• What you need to do:
Repeat every record below exactly, leaving out the pictures.

• Entries shown:
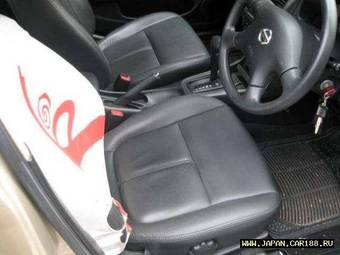 2004 Nissan Sunny Photos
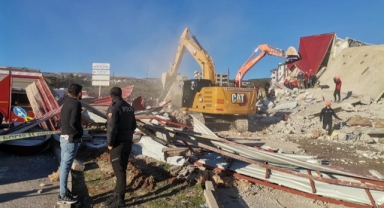Kahramanmaraş’ta enkazın altına kalan operatörün cansız bedenine ulaşıldı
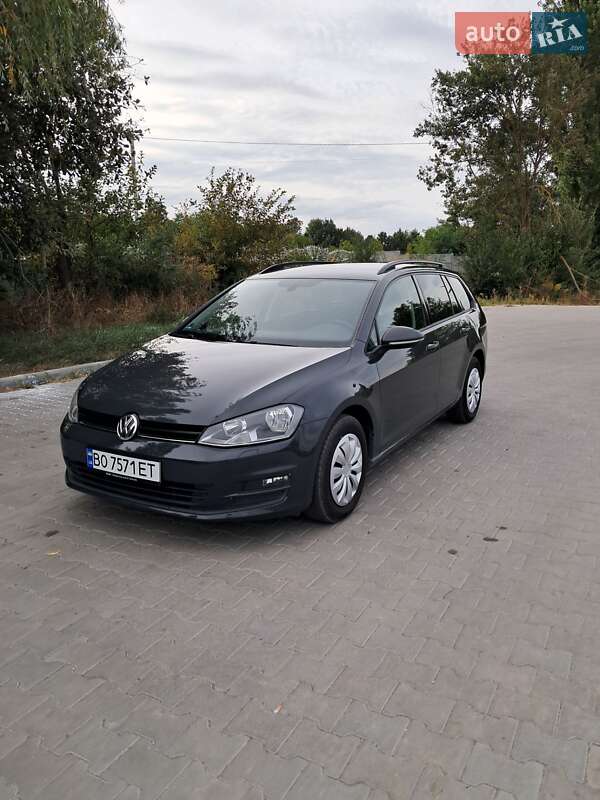 Универсал Volkswagen Golf 2016 в Тернополе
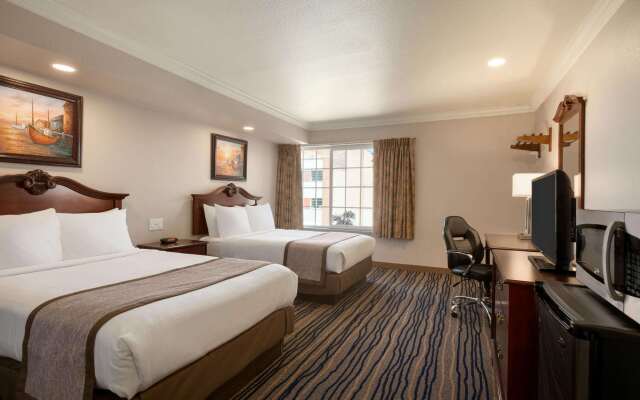 Days Inn by Wyndham Eureka CA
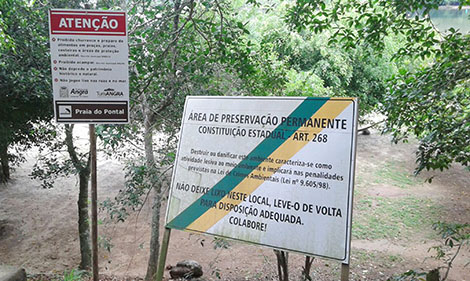 Capa da notícia: TurisAngra instala novas placas de ordenamento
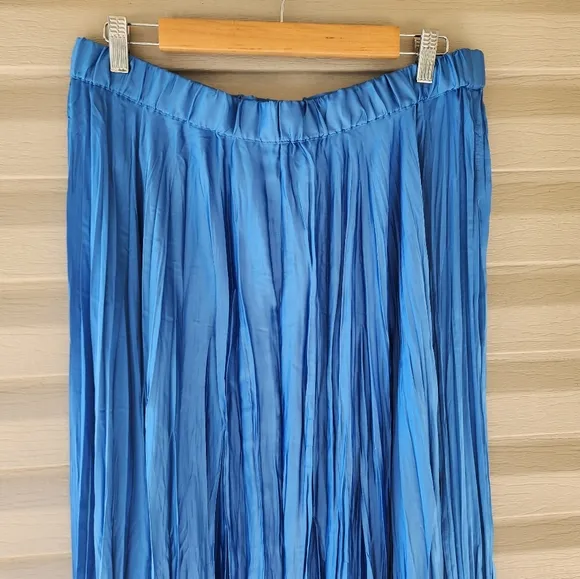 J. Jill blue pleated accordion pull on solstice midi skirt size M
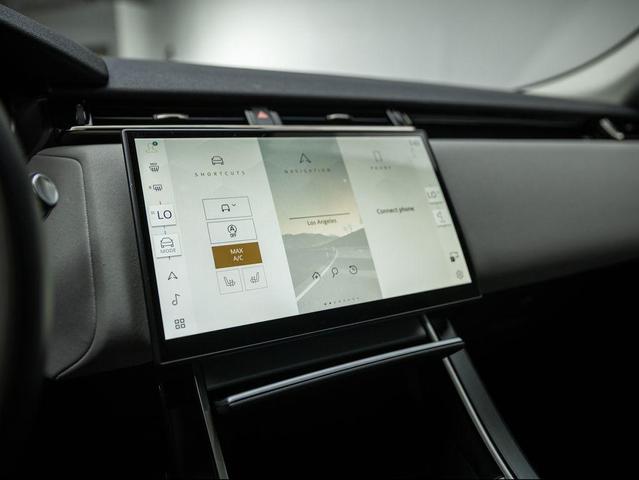 Photo of 2025 Fuji White Land Rover Range Rover Velar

• Finished exercise:
 2004 Nissan Sunny Photos
Kahramanmaraş’ta enkazın altına kalan operatörün cansız bedenine ulaşıldı
 Универсал Volkswagen Golf 2016 в Тернополе
 Days Inn by Wyndham Eureka CA
 Capa da notícia: TurisAngra instala novas placas de ordenamento
 J. Jill blue pleated accordion pull on solstice midi skirt size M
 Photo of 2025 Fuji White Land Rover Range Rover Velar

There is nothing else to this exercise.